On November 18, just minutes after receiving your paperwork, collection efforts commenced right away against (debtor dba), which is a registered trade name under the corporation known as (debtor Inc). The registered agent is Mr. “X” (debtor) with an address of (debtor address). We know two years ago Mr. “X” (debtor) bought out his father. We are not sure if the corporate officer change is now reflected at the Oklahoma Secretary of State’s office.
Under close and intense questioning, Mr. “X” (debtor) divulged the following financial facts:
The thumbnail sketch of the debtor’s finances clearly shows that (debtor) is surviving day-to-day from hand-to-mouth. Unless his sales increase, he is not going to be able to make any progress on his obligations to the trade. The debtor admits being in a 2-year slump and blames this on 9-11. He is hoping for signs of a turnaround. Mr. “X” (debtor) states his business is located in the area known as “The Mile of Furniture.” Supposedly, there is no other concentration like this in the world – fifteen furniture stores in a one square mile area. Of course, you and your rep would know more about that. Mr. “X” (debtor) indicates (client) is the only “high end” line in the area and he wants to continue representing your company. He feels that (client) holds all the cards and if legal action was initiated Mr. “X” (debtor) believes this might be the beginning of his financial end. Of course, it is the debtor’s entire financial picture that is the problem – not your balance, which reflects only a fraction of the total debt.

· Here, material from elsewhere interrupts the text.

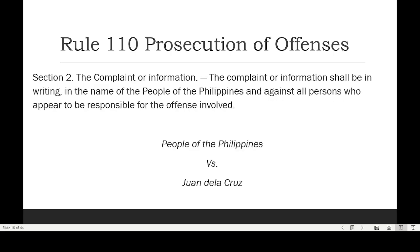That is Section 1. Let's proceed to Section 2: the complaint or information. We need to know what we file at the prosecutor's office or in court. The complaint or information shall be in writing, in the name of the People of the Philippines, and against all persons who appear to be responsible for the offense involved. For example: People of the Philippines versus Juan de la Cruz; or if there are others, add Pedro Santos, and so on. This is the title the complaint or information must carry.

You will note there is not enough inventory to cover the two secured positions (the SBA and the bank.) Your obligation is a corporate obligation meaning that you can only look to the assets of the corporation to satisfy the indebtedness. Mr. “X” (debtor) contends he will be renegotiating his lease in three months and that should free up cash flow. He is going to scale down and reduce the square footage.
The financial facts suggest that you may want to entertain a short-term payout predicated on a Promissory Note, whereby the debtor (and if married his spouse) personally signs the note. Default penalty provisions would be included. I will phone you in a few moments to discuss strategies going forward.